**TASK REQUIREMENTS**
Using the listing that follows, filter out every line lacking the string "distant" and return the rest.

**RECORDED DATA**
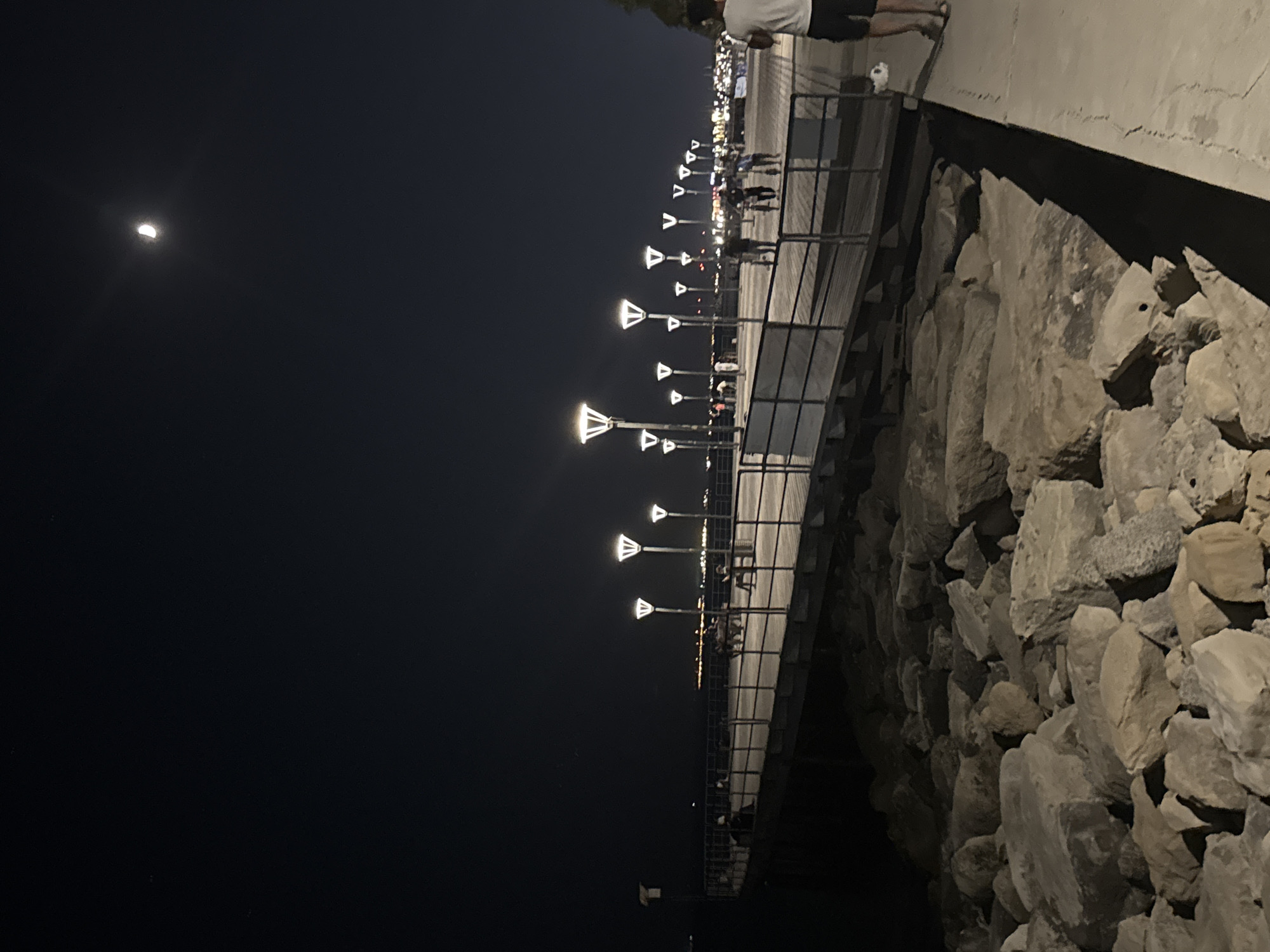The image shows a nighttime view of the Limassol promenade in Cyprus, featuring a pier extending over the water. The sky is dark, with a crescent moon visible. The promenade is illuminated by a series of modern streetlights with angular shades, casting a glow on the paved walkway and the railing of the pier.
Several people are present on the pier and the promenade. On the pier, individuals are seen walking, sitting on benches, and socializing. Some are silhouetted against the lights. Further down the pier, a group of people appear to be gathered, and distant lights suggest a cityscape or a harbor in the background.
The foreground of the image is dominated by a rocky shoreline, with large, light-colored boulders piled along the edge of the paved walkway. A single person, wearing a white t-shirt and dark shorts, is walking away from the camera on the promenade, casting a long shadow. A white dog is visible near the person's feet. The water is dark and calm, reflecting some of the distant lights. The overall atmosphere is tranquil and inviting, characteristic of a popular evening spot.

**OUTPUT FOR THIS EXERCISE**
Several people are present on the pier and the promenade. On the pier, individuals are seen walking, sitting on benches, and socializing. Some are silhouetted against the lights. Further down the pier, a group of people appear to be gathered, and distant lights suggest a cityscape or a harbor in the background.
The foreground of the image is dominated by a rocky shoreline, with large, light-colored boulders piled along the edge of the paved walkway. A single person, wearing a white t-shirt and dark shorts, is walking away from the camera on the promenade, casting a long shadow. A white dog is visible near the person's feet. The water is dark and calm, reflecting some of the distant lights. The overall atmosphere is tranquil and inviting, characteristic of a popular evening spot.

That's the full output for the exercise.